Exports have stagnated. The current account deficit is at record proportions. The purpose of companies now is not to do great things, solve great problems or scale up great solutions –why capitalism is potentially the best economic system – it is to become payolas for their disengaged owners and pawns in the next big deal or takeover. Not only the British economy suffers – this process has become the major driver of rising inequality, low pay and insecurity in the workplace as management teams are forced to treat workers as costly commodities rather than allies in business building.

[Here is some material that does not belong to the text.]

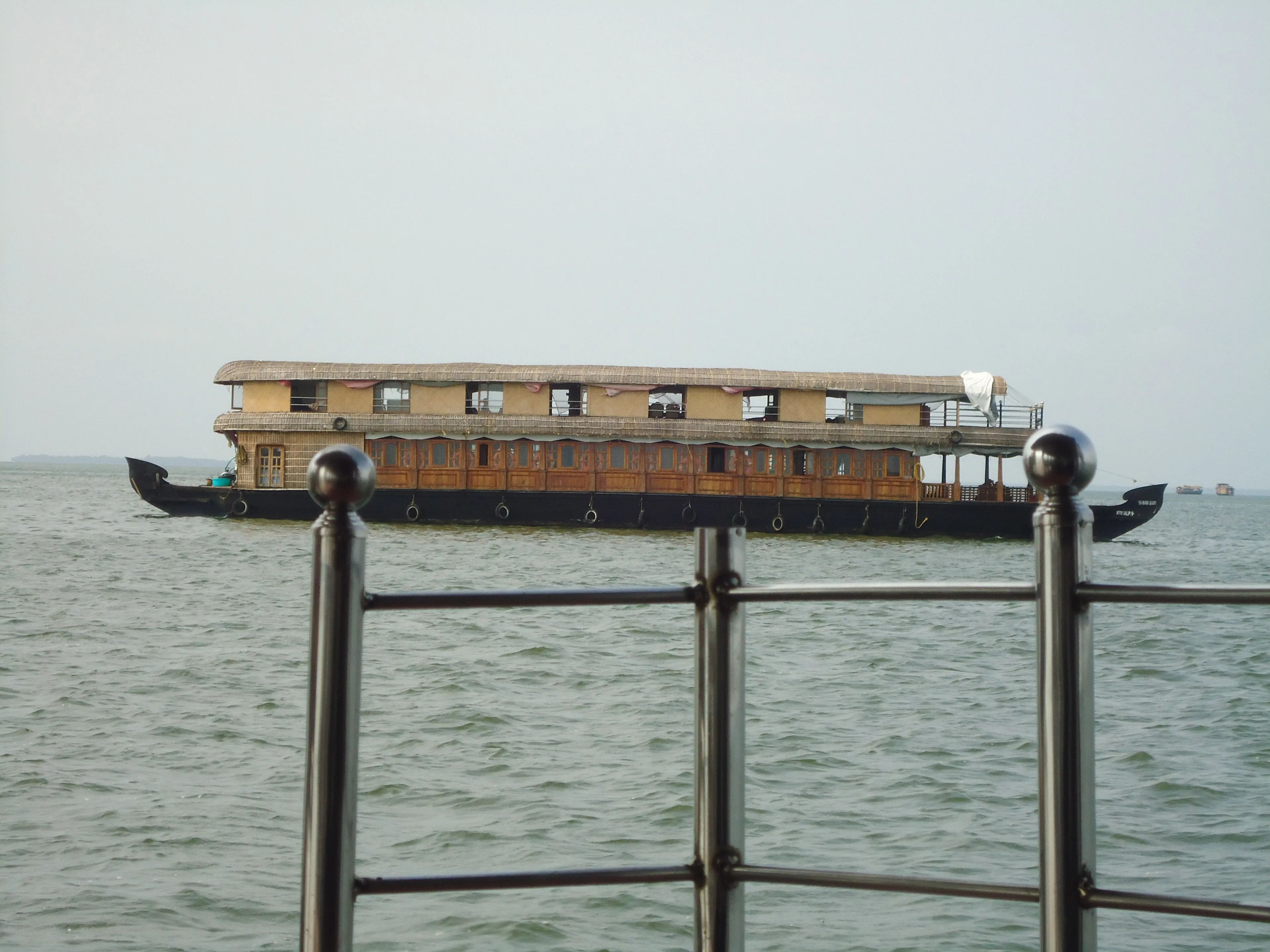 Calm Alleppey Kerala backwater canal lined with coconut palms near a moored houseboat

Regular readers of this column will be familiar with the refrain, and the stubborn resistance from the British mainstream. There is absolutely nothing wrong at all with the British private sector, runs the Conservative argument: to the extent the British economy does have problems they are rooted entirely in taxation, regulation, unions and government. But in a week when the Financial Times – a great British asset and embodiment of the best of our journalism – has been sold to Nikkei for no better reason than to support Pearson’s short-term share price, powerful and public criticism of the way British capitalism operates has come from an unexpected quarter.
Last year, the governor of the Bank of England, Mark Carney, called on firms to have a greater “sense of their responsibilities for the system”, in particular the social contract on which market capitalism’s long-term dynamism depends. On Friday’s Newsnight, the chief economist of the Bank of England, Andy Haldane, built on the governor’s concerns. He began with the seven-fold increase in the proportion of profit distributed to shareholders in dividends and bought-back shares over the last 45 years, which he said necessarily “leaves less for investment”. The explanation was simple: British (and indeed American) company law “puts the shareholder at front and centre. It puts the short-term interest of shareholders in a position of primacy when it comes to running the firm.” He thought company law that placed shareholders on a more equal footing with other stakeholders – workers, customers, clients – would work better. Dare I say it – stakeholder capitalism?
He damned the way the public limited company has developed. “The public limited company model has served the world well from a growth perspective. But you can always have too much of a good thing. The nature of shareholding today is fundamentally different than what it was a generation ago. The average share was held by the average shareholder, just after the war, for around six years. Today, that average share is held by the average shareholder for less than six months. Of course, many shareholders these days are holding shares for less than a second.”
It has been obvious for years that British capitalism is profoundly dysfunctional. In 1970, £10 of every £100 of profit was distributed to shareholders: today, under intense pressure from short-term owners, companies pay out £70. Investment, innovation and productivity have slumped. Few new companies grow to any significant size before they are taken over.